Mas depois que se soube que o diretor do projeto era Joe Wright, as desconfianças começaram a desaparecer gradualmente. Wright é desses cineastas que ainda não tiveram o reconhecimento merecido, por ser um artista com ideias diferentes em cada um dos seus filmes, que nunca são parecidos um com o outro. Mesmo em seu retorno aos romances épicos - ele fez o filme de ação Hanna, com trilha sonora dos Chemical Brothers - não existe fórmula pré-fabricada para suas produções.
A prova disso está em sua versão de Anna Karenina, com Keira Knightley no papel-título e Jude Law como o marido traído que, completamente apaixonado por sua mulher, resigna-se à condição de esposo não mais amado pelo objeto de sua afeição. Wright não se contenta em tornar a obra original em algo palatável ao público do século XXI; leva tudo a níveis ainda maiores, tudo por causa de suas escolhas narrativas.

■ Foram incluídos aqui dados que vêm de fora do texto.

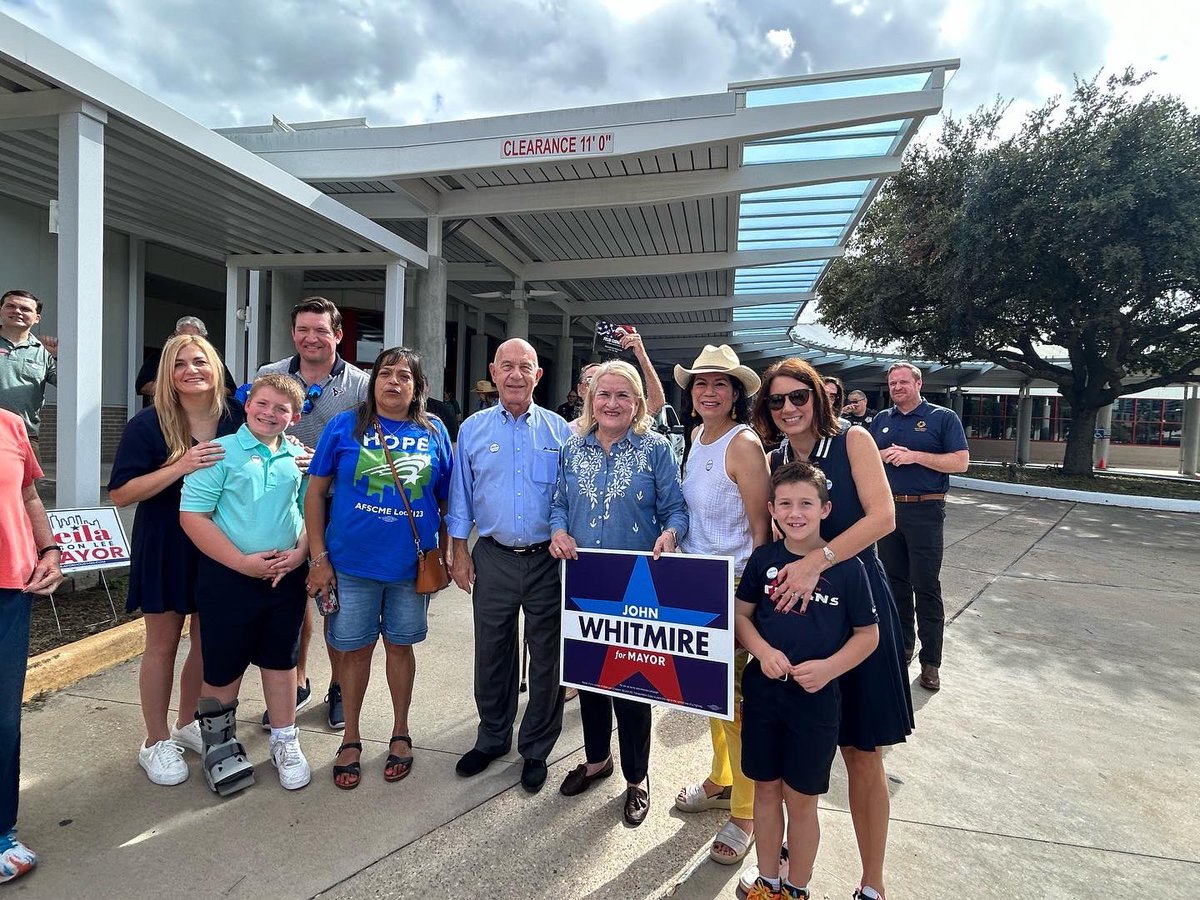 whitmire_john's tweet photo. Thank you everyone who came out to vote with me and special thanks to Congresswoman Sylvia Garcia, Senator Carol Alvarado, HOPE and Houston firefighters. https://t.co/OzIGwdT4SB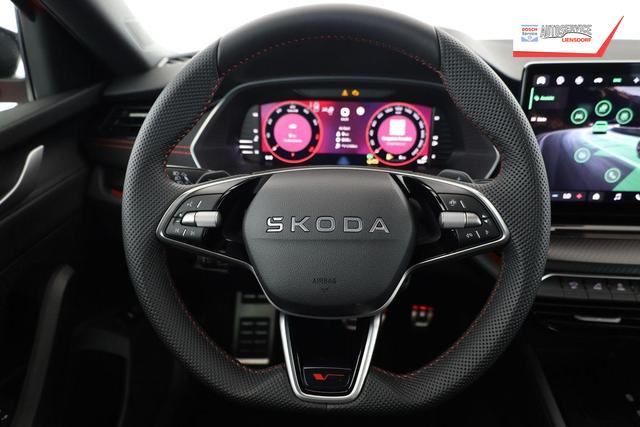 Skoda Octavia Combi 2.0 TSI 195 kW RS DSG, Pano, AHK, Navi, Matrix, Side, Winter, 5 J.-Garantie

O filme é quase inteiramente narrado dentro de um teatro, que o diretor construiu do zero em Shepperton, Inglaterra. A abordagem experimental é fundamental para o cineasta expressar sua interpretação da história. Assim, rinque de patinação, estações de trem e estábulos são todos montados no alto do teatro, acima do palco; e cenários-chave da narrativa, como o baile onde Anna conhece o Conde Vronsky, a casa do ministro Karenin, e até uma corrida de cavalos acontecem no palco do teatro. O cenário muitas vezes é alterado na frente das câmeras, enquanto os diálogos acontecem, recurso que lembra muitas vezes os filmes de Baz Luhrmann (Romeu + Julieta, Moulin Rouge), embora com uma fluidez que interfere muito menos na atenção do espectador, que não perde o foco dos personagens em cena. Até mesmo cenas externas acontecem de uma maneira artificial, usando trens de brinquedo e casas de bonecas.
Mas não se engane: Anna Karenina não é Dogville. Os produtores tinham muito dinheiro para gastar e aqueles elementos que enchem os olhos do espectador estão lá: o figurino exuberante e perfeitamente equilibrado com a história, a fotografia que alterna momentos de cores em profusão e cenas sombrias, e as atuações estelares. Neste ponto, entretanto, o diretor comete um erro grave: a escolha de parte do elenco, especialmente no ator escalado para o papel de Conde Vronsky, amante de Anna. Aaron Taylor-Johnson  (o Kick-Ass em pessoa) não tem o porte físico, muito menos a maturidade que justifique a escolha para o papel. É impossível acreditar que Anna Karenina se apaixonaria perdidamente por um garoto daquele, com um cabelo tingido de loiro e ar de moleque que mal saiu das fraldas.
Apesar disso, Anna Karenina ainda não tem seu saldo final inteiramente comprometido. Keira Knightley mostra-se uma atriz cada vez melhor e Jude Law é o perfeito marido traído conformado. Mas ainda o arco de personagens mais sólido do filme é o que gira em torno de Levin (Domhnall Gleeson) e Kitty (Alicia Vikander), esta a princesa rejeitada por Vronsky, que reluta em aceitar o amor de Levin, um fazendeiro completamente entregue ao amor pela princesa. Pertencem a ele as únicas cenas em locações reais, fora do teatro. É a forma que o diretor encontrou para contrapor a artificialidade vivida pela aristocracia russa - representada por Anna e seu círculo social - e a naturalidade de uma vida mais próxima da realidade, defendida por Levin.
No fim, tem-se a sensação de novidade, o que é um verdadeiro triunfo, considerando o fato de ser a adaptação de uma obra com mais de 100 anos de idade.

Em tempo: Anna Karenina estreia no Brasil em 15 de fevereiro.